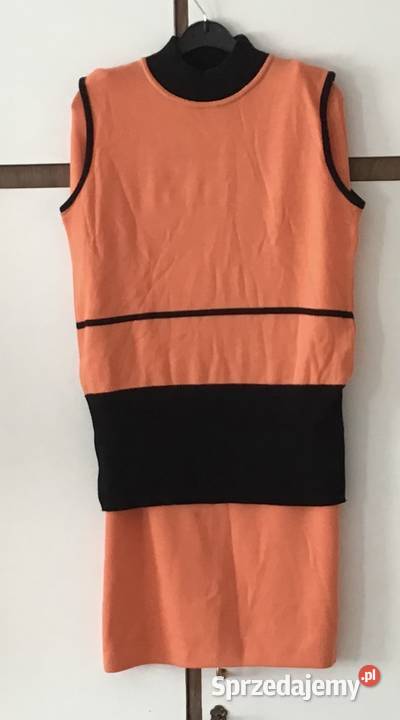 Komplet 50wełny z długom spódniczką Kupiony w Gdańsk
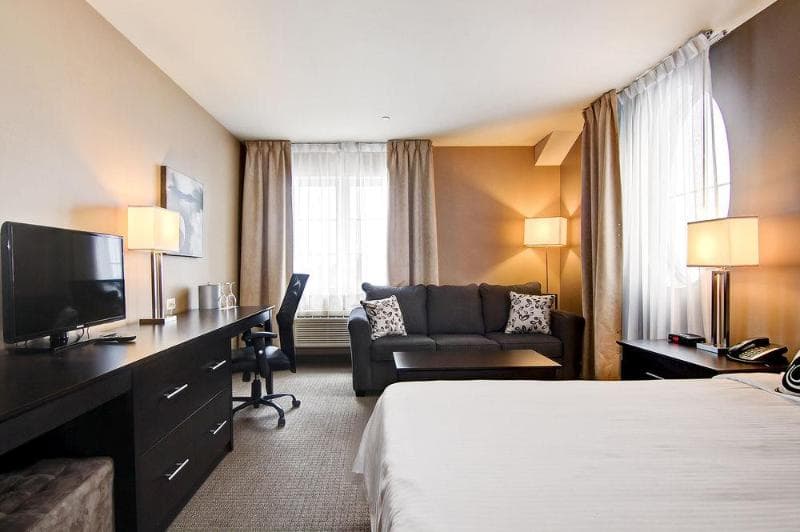 Imperia Hotel And Suites 3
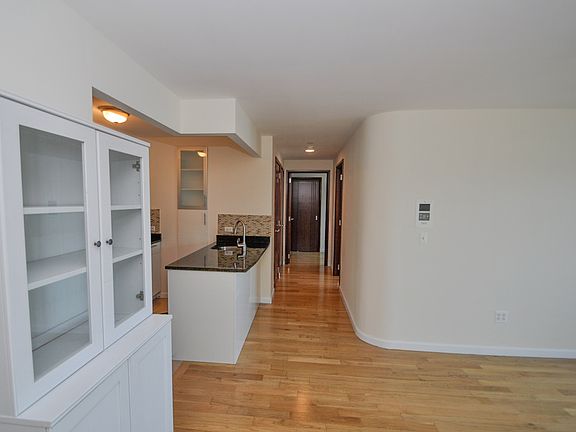 5th image of 30-80 21st St #3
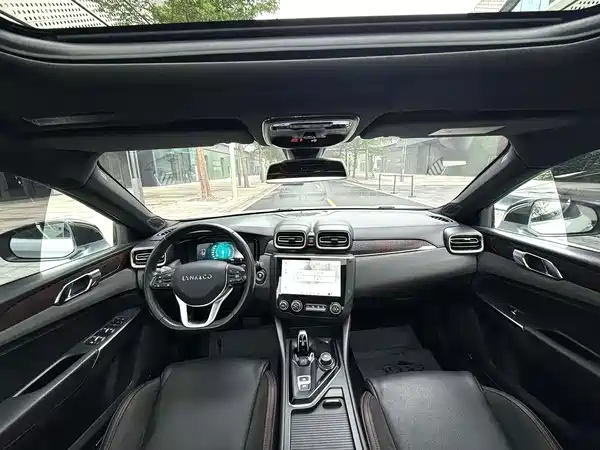 Lynk & Co 03 2019
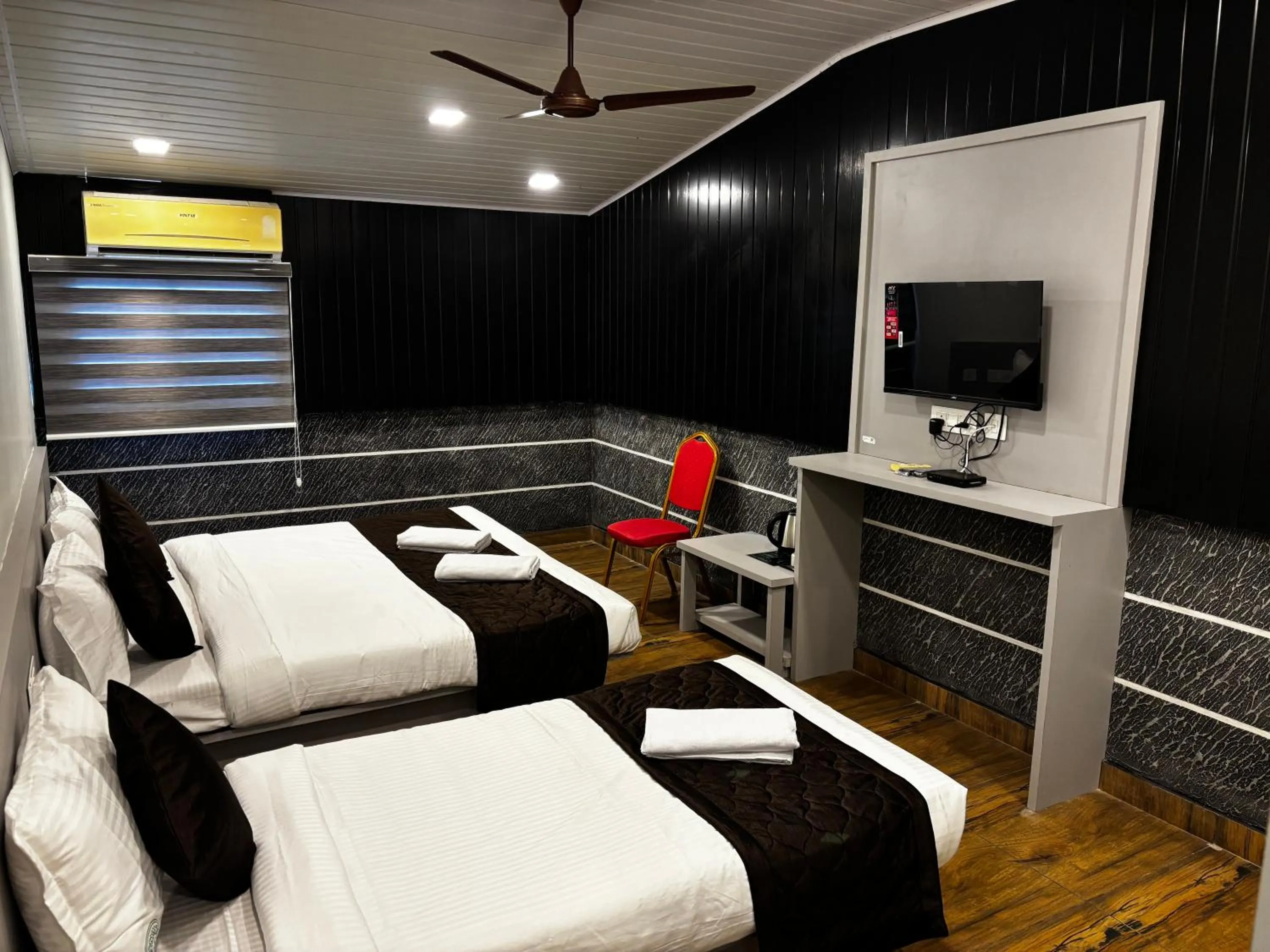 Bed in South Gate Residency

= = = = = = =

#### [What the task asks]
Every record must be copied exactly, with the pictures left out.

#### [Solved problem]
 Komplet 50wełny z długom spódniczką Kupiony w Gdańsk
 Imperia Hotel And Suites 3
 5th image of 30-80 21st St #3
 Lynk & Co 03 2019
 Bed in South Gate Residency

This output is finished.